# Where to buy metallic plumbing parts



## RaidZero (Jun 15, 2008)

I have a problem with my Python, the adaptor that goes in the faucet and in the pump is broken. It's a plastic part with threads on both sides. I saw a website that sells this part made of metal, probably even on the Marketplace here on gtaaquaria, but I can't seem to find it. Help!


----------



## ameekplec. (May 1, 2008)

If you go to a hardware store, you should be able to find the proper adapter made of metal.


----------



## Darkblade48 (Jan 28, 2008)

Ah yes, that nuisance part. I'm not sure if that part in particular was made in metal. I'm pretty sure, however, that you cannot get it at the hardware store.


----------



## bae (May 11, 2007)

I'm not sure exactly what your part looks like, but if you take it with you to a hardware or building supply store you can probably find a comparable faucet adapter. I've bought both metal and plastic ones to attach hoses to faucets for a few bucks each. If you can leave it on the faucet, you can get friction-fit adapters that you just pop on and off instead of screwing them on each time.

N.B. Metal adapters sounds like a good move since they are less breakable, but they will chew up the threads on a plastic connector over time unless you are careful. They can also damage the threads of the faucet if you get it cross-threaded and lose patience.


----------



## BillD (Jun 5, 2006)

If you can find a plumbing supply house, they often carry items that are not found at places like HD. A friend of mine who works in plumbing at Lowes told me he thinks he should be getting commission for all the people he has sent to the local Plumbing and Parts store.


----------



## RaidZero (Jun 15, 2008)

Thanks all, I will try a plumbing store, I could not find it at Rona and HD.


----------



## Darkblade48 (Jan 28, 2008)

If I am correct, the part in question is this one (circled)


----------



## bae (May 11, 2007)

Darkblade48 said:


> If I am correct, the part in question is this one (circled)
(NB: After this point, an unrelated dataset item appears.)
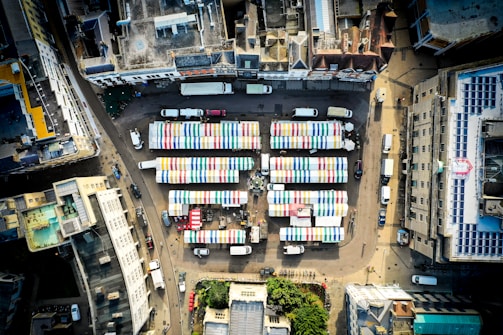 An aerial view of an urban area with a market featuring several rows of stalls. The stalls have colorful striped roofs in blue, green, yellow, and red. Surrounding buildings create a rectangular enclosure around the market. The street is populated with parked cars and small delivery trucks.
Hm. In that case, it might be cheapest and easiest to just get a waterbed pump from a waterbed store, i.e. replace the whole thing. I bought one some years ago and it was less than $5, IIRC.


----------



## KhuliLoachFan (Mar 8, 2008)

It will not only save you money (lower your water bills) to buy the pump and throw out the green thing that just flushes fresh water down the sink.

nevertheless, the equivalent plastic bits can be bought as "waterbed fill and drain kit" - you might even find it at walmart... I found a discussion here at pricenetwork:










http://www.pricenetwork.ca/ddeal/_Waterbed_Fill_Drain_Kit-0-0-0-0-1-52221.html

W


----------



## RaidZero (Jun 15, 2008)

Thanks for the pictures, the adapter I want goes one side in the circled part, the other side in the faucet. It's the white part in KhuliLoachFan's picture.

About throwing water out: I am emptying my tanks in the garden and I get great looking flowers and shrubs  I use the pump just to fill the tanks.
I looked before for a waterbed pump, with no luck, but thanks for the info. I ended up buying another Python pump from feebay. Now the other bit is giving me trouble.



Darkblade48 said:


> If I am correct, the part in question is this one (circled)





KhuliLoachFan said:


> It will not only save you money (lower your water bills) to buy the pump and throw out the green thing that just flushes fresh water down the sink.
> 
> nevertheless, the equivalent plastic bits can be bought as "waterbed fill and drain kit" - you might even find it at walmart... I found a discussion here at pricenetwork:
> 
> W


----------



## KhuliLoachFan (Mar 8, 2008)

That part is for sale at big als scarboro in metal, just buy it.

W


----------



## Darkblade48 (Jan 28, 2008)

Indeed, the white part strips easily, so I ended up just buying a brass replacement from MOPS.


----------



## RaidZero (Jun 15, 2008)

I got one at Big Als. Regular price, but I needed it fast


----------



## carmenh (Dec 20, 2009)

Sounds like it's just the adapter you want...they have them at Canadian Tire...

Carmen


----------